**About this task**
Beginning with the first line of the data below, set down each line exactly through the line that contains "Conjunto de accesorios, tuberías".

___ Recorded data

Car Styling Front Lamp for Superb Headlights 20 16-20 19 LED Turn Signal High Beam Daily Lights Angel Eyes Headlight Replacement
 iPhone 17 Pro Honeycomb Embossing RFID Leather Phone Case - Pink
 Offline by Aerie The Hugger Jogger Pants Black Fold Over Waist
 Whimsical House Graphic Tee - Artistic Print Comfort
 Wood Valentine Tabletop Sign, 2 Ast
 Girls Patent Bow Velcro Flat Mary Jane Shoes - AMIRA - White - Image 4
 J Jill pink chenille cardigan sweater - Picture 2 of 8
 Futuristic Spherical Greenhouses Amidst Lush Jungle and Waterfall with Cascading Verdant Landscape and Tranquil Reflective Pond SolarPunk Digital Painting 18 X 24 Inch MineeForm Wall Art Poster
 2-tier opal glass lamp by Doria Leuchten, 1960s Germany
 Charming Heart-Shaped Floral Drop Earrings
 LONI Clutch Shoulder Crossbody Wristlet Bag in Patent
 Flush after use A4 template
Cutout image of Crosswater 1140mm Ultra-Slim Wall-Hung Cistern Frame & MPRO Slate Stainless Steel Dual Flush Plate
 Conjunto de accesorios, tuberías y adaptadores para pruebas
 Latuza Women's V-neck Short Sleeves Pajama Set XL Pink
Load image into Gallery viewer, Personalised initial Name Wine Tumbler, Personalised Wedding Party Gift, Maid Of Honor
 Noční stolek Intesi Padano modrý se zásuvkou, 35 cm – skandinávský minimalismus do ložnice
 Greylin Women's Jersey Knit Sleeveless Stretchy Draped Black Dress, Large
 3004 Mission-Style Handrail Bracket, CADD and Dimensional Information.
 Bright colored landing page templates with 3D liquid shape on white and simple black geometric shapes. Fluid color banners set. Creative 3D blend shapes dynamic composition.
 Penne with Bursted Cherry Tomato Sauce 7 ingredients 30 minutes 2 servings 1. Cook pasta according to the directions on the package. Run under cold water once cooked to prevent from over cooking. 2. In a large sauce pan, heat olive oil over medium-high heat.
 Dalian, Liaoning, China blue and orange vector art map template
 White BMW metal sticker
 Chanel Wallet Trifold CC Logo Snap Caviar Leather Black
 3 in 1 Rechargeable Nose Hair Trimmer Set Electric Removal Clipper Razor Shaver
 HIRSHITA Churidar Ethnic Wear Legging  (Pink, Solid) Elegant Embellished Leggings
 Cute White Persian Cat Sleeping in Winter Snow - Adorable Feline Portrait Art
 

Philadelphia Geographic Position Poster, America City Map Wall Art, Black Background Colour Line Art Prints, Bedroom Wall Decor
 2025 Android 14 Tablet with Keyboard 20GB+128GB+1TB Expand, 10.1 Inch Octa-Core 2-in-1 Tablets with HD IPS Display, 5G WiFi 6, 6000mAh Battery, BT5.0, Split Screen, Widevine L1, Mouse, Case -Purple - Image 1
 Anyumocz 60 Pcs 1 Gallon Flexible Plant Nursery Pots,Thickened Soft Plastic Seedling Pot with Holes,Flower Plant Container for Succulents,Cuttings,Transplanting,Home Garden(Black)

______

**Your response**
Car Styling Front Lamp for Superb Headlights 20 16-20 19 LED Turn Signal High Beam Daily Lights Angel Eyes Headlight Replacement
 iPhone 17 Pro Honeycomb Embossing RFID Leather Phone Case - Pink
 Offline by Aerie The Hugger Jogger Pants Black Fold Over Waist
 Whimsical House Graphic Tee - Artistic Print Comfort
 Wood Valentine Tabletop Sign, 2 Ast
 Girls Patent Bow Velcro Flat Mary Jane Shoes - AMIRA - White - Image 4
 J Jill pink chenille cardigan sweater - Picture 2 of 8
 Futuristic Spherical Greenhouses Amidst Lush Jungle and Waterfall with Cascading Verdant Landscape and Tranquil Reflective Pond SolarPunk Digital Painting 18 X 24 Inch MineeForm Wall Art Poster
 2-tier opal glass lamp by Doria Leuchten, 1960s Germany
 Charming Heart-Shaped Floral Drop Earrings
 LONI Clutch Shoulder Crossbody Wristlet Bag in Patent
 Flush after use A4 template
Cutout image of Crosswater 1140mm Ultra-Slim Wall-Hung Cistern Frame & MPRO Slate Stainless Steel Dual Flush Plate
 Conjunto de accesorios, tuberías y adaptadores para pruebas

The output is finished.